A HISTORY OF THE CIVIL WAR

An excellent teaching tool, perfect for libraries.

Noted academics, scholars, editors, and historians contribute to a collection of fresh, provocative essays on the Civil War, first published in digital form by the New York Times.

Times’ editors Risen (American Whiskey, Bourbon & Rye: A Guide to the Nation's Favorite Spirit, 2015, etc.) and Kalogerakis team up with Widmer (Director, John Carter Brown Library/Brown Univ.; Brown: The History of an Idea, 2015, etc.) for a beautifully laid-out and organized version of their online Disunion blog, which ran until 2015. Featuring a foreword by Ken Burns, who speaks to the persistent relevance of the Civil War as an initial but never satisfactory way of atoning for our original sin, the book elicits contemporary voices wrestling with internal conflicts that still haunt Americans today: as Widmer writes, “anger at the federal government, unresolved racial tensions, simple helplessness before the constant onslaught of a 24-7 communications grid that matured during the war.” Each of the 10 chapters contains around 10 essays, from the first chapter, “Secession” (e.g., “The Strange Victory of the Palmetto State” by Manisha Sinha), to “The Battlefield” (e.g., “Humanity and Hope in a Southern Prison” by Peter Cozzens) to “Abraham Lincoln and the Federal Government” (e.g., “The Rise and Fall (and Rise) of Salmon P. Chase” by Rick Beard) to the final chapter, “Consequences” (e.g., “Remembering the Gettysburg Address” by Joshua Zeitz).
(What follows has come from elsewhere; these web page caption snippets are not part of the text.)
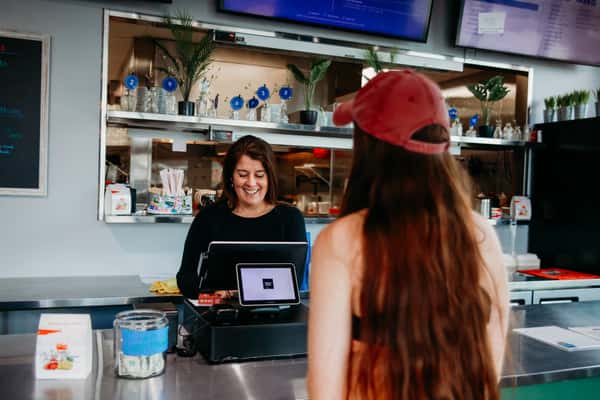 Two employees standing behind the counter at the point of sale.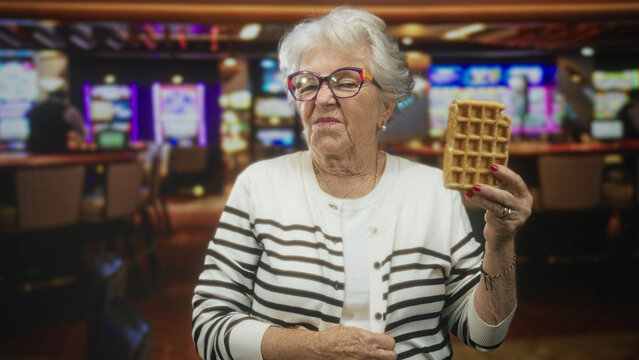Woman holds waffle in right hand, left hand resting on lap inside casino building with slot machines visible; skepticism humor.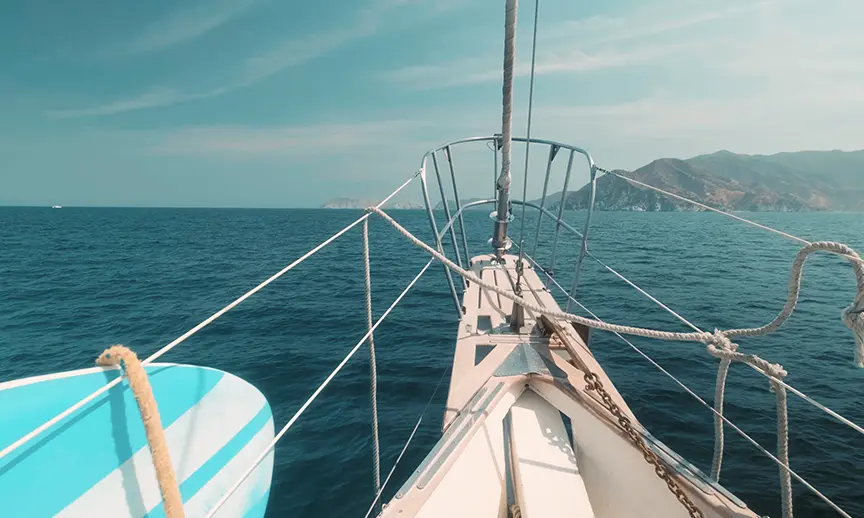 A sailboat sailing on a calm blue ocean. The bow of the boat is visible, with ropes and a metal railing. A surfboard is tied to the side. In the distance, there are mountains on the horizon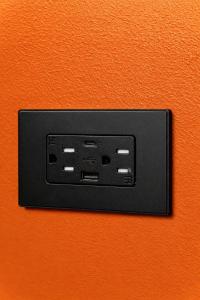 an electrical outlet on an orange wall at Casa Stella Rooms in Cartagena de Indias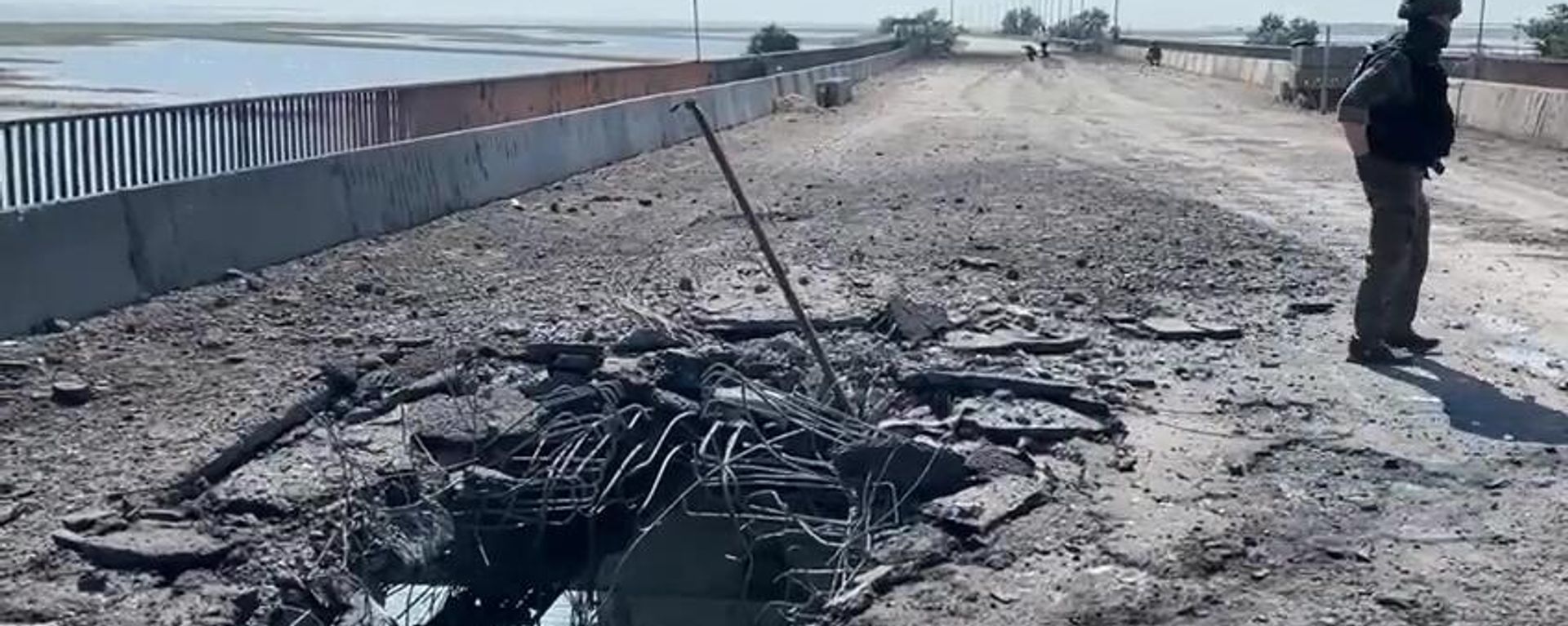 A Russian Investigative Committee serviceman stands on a bridge damaged during the Ukrainian armed forces' attack, on the administrative border between the Kherson Region and the Crimea near the village of Chongar, Crimea, Russia.  - Sputnik International, 1920, 22.06.2023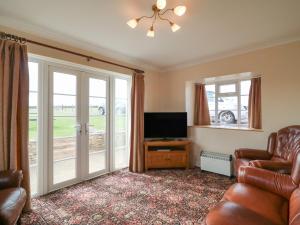 a living room with a couch and a television and windows at Cliff Farm No 2 Cottage in Burton Bradstock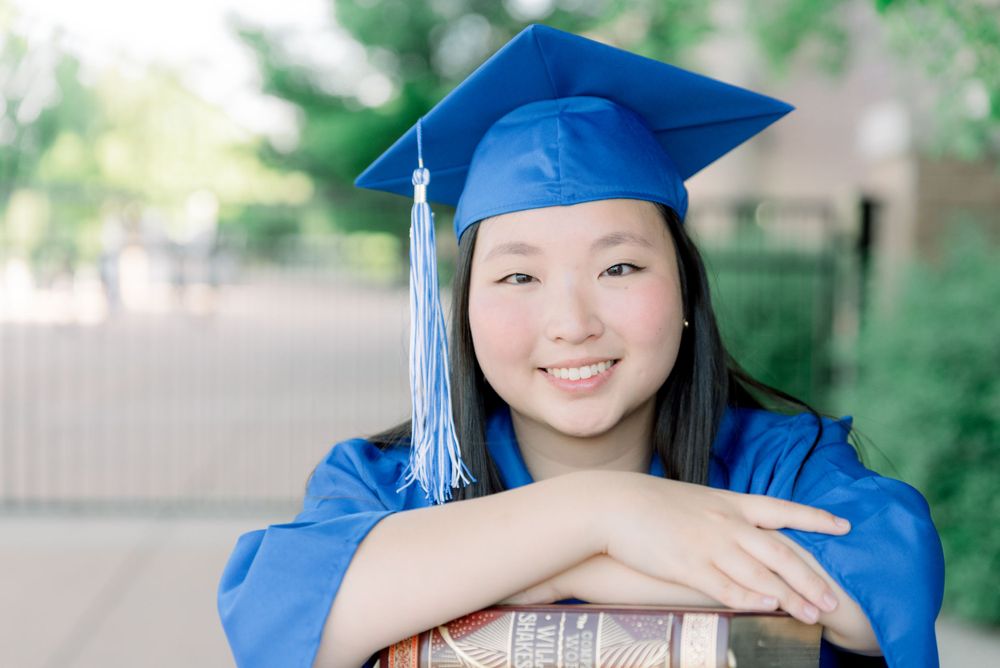 Graduate wearing traditional blue cap and gown smiles while posing with a graduation diploma on campus.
Widmer writes of the “liberating” form (for academics) of these punchy, original essays written for a “digital commons,” and indeed they spread the net widely for some surprising moments of erudition, such as Melinda Miller and Rachel Smith Purvis’ essay about the Cherokee leaders producing their own emancipation acts in the wake of Lincoln’s in February 1863 (“The Cherokees Free Their Slaves”). Also notable are Crystal N. Feimster’s “Rape and Justice in the Civil War” and contributions by scholars Adam Goodheart, Jon Grinspan, Paul Finkelman, and Harold Holzer.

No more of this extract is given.